La insensibilidad dejó paso a algo distinto; mis movimientos exteriores quizá no hayan variado, pero fui invadido por un cansancio teñido de tristeza, o melancolía, y predominaba un adormecimiento, como si me hubiesen anestesiado. La insensibilidad anterior era más sana. No me gustó mi nuevo estado de ánimo, e imaginé que pronto habría de sentirme muy mal, y que modificaría mi conducta.
Por fortuna, se produjo una variante en la situación: al entrar en una pieza vi, de inmediato, que por debajo de la puerta de enfrente (las que ya había comenzado a llamar «de salida», cuando estaba dentro de la pieza, y «de entrada» apenas pasaba a la siguiente) se filtraba una delgada y débil raya de luz.
3
La timidez me volvió a frenar, y en lugar de precipitarme en la habitación golpeé la puerta con los nudillos. Del otro lado se hizo oír un ruido breve, como si alguien apartara una silla o se levantara de ella bruscamente. Aguardé unos instantes, y al no obtener respuesta repetí el llamado.
Ahora, unos pasos pesados y vacilantes se dirigieron hacia la puerta y allí se detuvieron; escuché una respiración un tanto asmática o nerviosa. Pasaron algunos minutos sin que el desconocido mostrara otra intención que la de permanecer allí respirando ruidosamente.
Consideré que mi cortesía había sido excesiva. Abrí la puerta unos centímetros y miré hacia el interior de la pieza. Una lamparita eléctrica, desnuda y de escaso poder, colgada de su cable desde el centro del techo, iluminaba un recinto que parecía tener las mismas dimensiones de las piezas oscuras; pero contaba con una serie de elementos; en el estrecho campo visual había una mesa pequeña, de cocina, con dos o tres platos y algunos utensilios, junto a la pared de enfrente; observé que en los platos había comida, y la boca se me llenó de saliva una vez más.
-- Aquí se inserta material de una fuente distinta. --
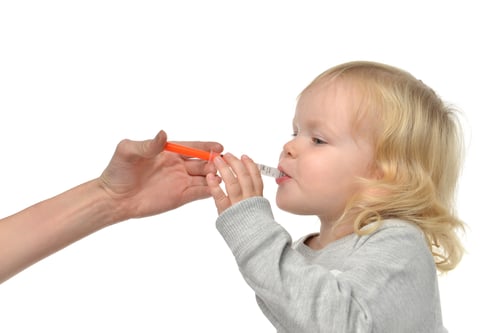 child takes liquid medicine with syringe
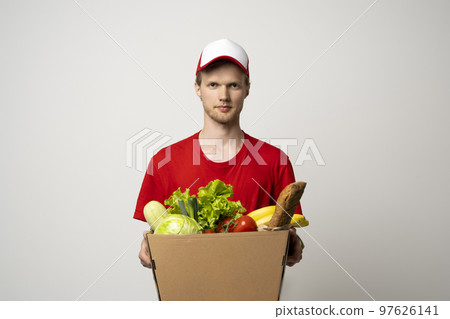 Delivery man in a red uniform holding paper box and delivering food to customer at doorway. Delivery man in a red uniform holding paper box and delivering food to customer at doorway. 97626141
El ambiente era más cálido gracias a una estufa de queroseno, de formato antiguo, que vi luego próxima a una mecedora, en el centro de la habitación, debajo de la lamparita eléctrica. Por encima de la mesa, y contra la pared, había una estantería rectangular, con una cortina verdosa que impedía ver su contenido.
Empujé un poco más la hoja de la puerta; la persona que había estado parada allí todo el tiempo se vio obligada a retroceder un par de pasos al chocar levemente la hoja contra la punta de sus zapatos. Resultó ser un individuo extraño: era muy gordo, y de estatura apreciablemente inferior a la normal; usaba lentes redondos, grandes, y el detalle que más llamaba la atención era su ropa, de tamaño excesivo y desproporcionada al cuerpo, lo que le daba un aspecto payasesco. El ridículo se acentuaba por la actitud del hombrecillo, quien, evidentemente atemorizado y muy sorprendido por mi presencia, me miraba con fijeza y trataba de ser grave y digno.
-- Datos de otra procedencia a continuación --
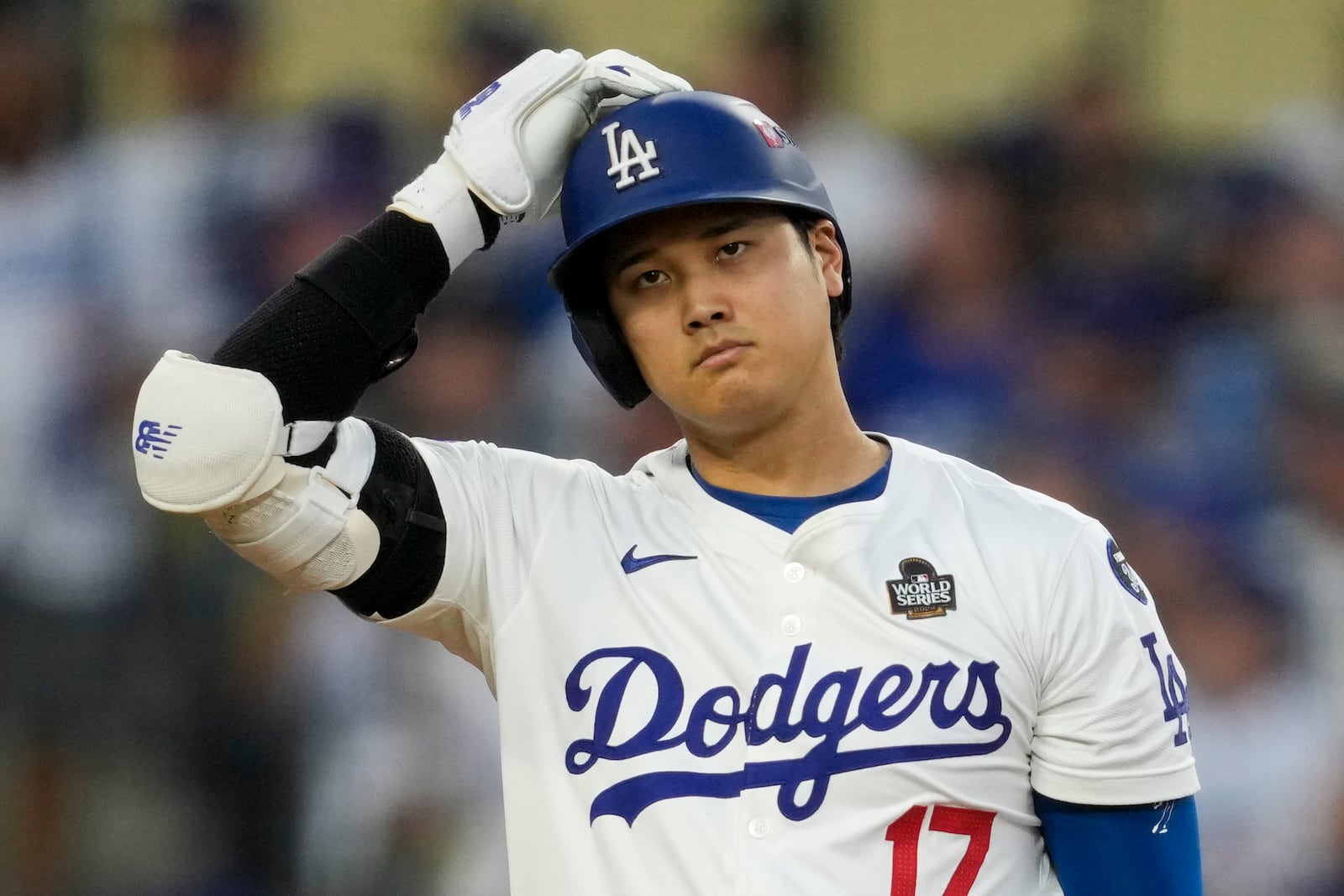 Los Angeles Dodgers' Shohei Ohtani reacts after striking out against the Los Angeles Dodgers during the third inning in Game 1 of the baseball World Series, Friday, Oct. 25, 2024, in Los Angeles. (AP Photo/Ashley Landis)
Cuando di un paso adelante tuvo que esforzarse por no retroceder; se le contrajeron algunos músculos de la cara, así como los párpados, pero se mantuvo firme en su sitio. Sonreí, tratando de parecer simpático, y murmuré un saludo que no le hizo variar de actitud.
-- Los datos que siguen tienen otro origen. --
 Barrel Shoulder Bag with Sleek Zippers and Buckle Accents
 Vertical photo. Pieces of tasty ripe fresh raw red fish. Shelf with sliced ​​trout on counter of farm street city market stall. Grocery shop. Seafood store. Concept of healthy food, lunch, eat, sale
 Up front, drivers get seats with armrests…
Me animé a dar otro paso y ya decididamente dentro de la pieza eché un vistazo alrededor; lo primero que vi fue a la presunta esposa del hombrecillo, una mujer que aparentaba su misma edad, que podría situar por los cincuenta años; tejía, sentada en una silla, a mi izquierda, próxima a un biombo que ocultaba el rincón formado por la pared izquierda y la puerta «de entrada».